Trivially Yours
Video Summary
In this video, I dive into the world of trivial plans in SQL Server performance tuning, explaining why they matter and how they can impact query optimization. Starting off with an amuse-bouche-sized introduction to trivial plans, I explore their significance by discussing simple queries that don’t require cost-based decisions, such as selecting top 100 rows from a table without any indexes or filters. As the video progresses, I delve into more complex scenarios where SQL Server has choices to make, like joins and order by operations, highlighting how these can lead to fully optimized plans. I also touch on the implications of trivial plans for index tuning, parameterization, and constraint usage, emphasizing why understanding them is crucial for effective query optimization in real-world applications.
Full Transcript
Erik Darling here with the first, the very first, the firsteth video in the SQL Server Performance Tasting Menu series of videos. And no half-decent tasting menu starts off with anything other than an amuse-bouche.

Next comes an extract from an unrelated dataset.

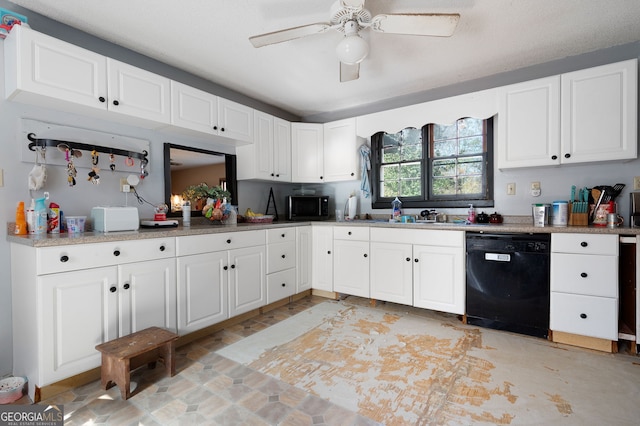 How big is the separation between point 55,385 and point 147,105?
1.98 meters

And of course, an amuse-bouche is French for a little delicious thing. Probably not. Not my finest moment. Duolingo just uninstalled itself after I said that. But it’s usually something about the size of this part of your palm, maybe. Alright? Very small and very delicious. So it is technically a small, delicious thing, but that is probably not how a amuse-bouche lines up directly to the French words that you see on your screen there. So anyway, we’re going to talk about trivial plans because they are a good way to whet the appetite. for more advanced things. And I always find them interesting because there’s some stuff that goes along with trivial plans that can kind of hamper query optimization. So let’s run this query right here. Select top 100 everything from users. And right now with no other indexes, I know there’s no choice of data source for this query.
And there’s also no cost-based decision for this query. There’s no join, where, group by, order by, nothing. There’s no cost-based choice for SQL Server to make here. So it just says, whatever. If I thought about this for 100 years, I would never come up with a better plan. It would never be anything better than what I did right here, right now, in just a few milliseconds. And if you go over to the select operator and either hit properties or F4, you will see this optimization level of trivial. And that is how you know SQL Server said, just whatever. Just run the thing. SQL Server’s way of saying, I just don’t care. It’s like when my wife gives me too many choices for something, I’m like, whatever. It doesn’t matter to me.

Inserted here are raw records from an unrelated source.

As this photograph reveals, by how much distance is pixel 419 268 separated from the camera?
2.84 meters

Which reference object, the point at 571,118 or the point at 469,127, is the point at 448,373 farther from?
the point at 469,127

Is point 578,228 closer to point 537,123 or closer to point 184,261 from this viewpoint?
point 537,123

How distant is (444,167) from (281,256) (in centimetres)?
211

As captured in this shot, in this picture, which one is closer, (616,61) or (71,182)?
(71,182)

Everything is going to be within this area of the same. So it does not make a difference. But you can do some kind of funny things and still get a trivial plan. For instance, if I select the top 10,000 rows and I generate a row number here, this plan will still be trivial because we still didn’t have a cost-based choice to make.
The ID column is the primary key. It’s a clustered index. So SQL Server is still just like, it doesn’t matter what we do here. I don’t have to figure anything out. There’s nothing for me. I have no input. Do your best. Don’t worry about it. And the same is true if we tried to get a distinct top 1,000 values from the primary key.
SQL Server looks at the primary key and knows it’s already distinct. So we still have a trivial plan over here. Ooh la la. Fun stuff, right? Now, where we start getting past trivial plans is when we start running queries where SQL Server has choices to make.
Because those choices are all based on costs and those costs are all based on estimates. Those estimates are all based on hardware for a single shut up computer. Shut up from 1998. And it has nothing. Those numbers, those costing numbers have nothing to do with your hardware.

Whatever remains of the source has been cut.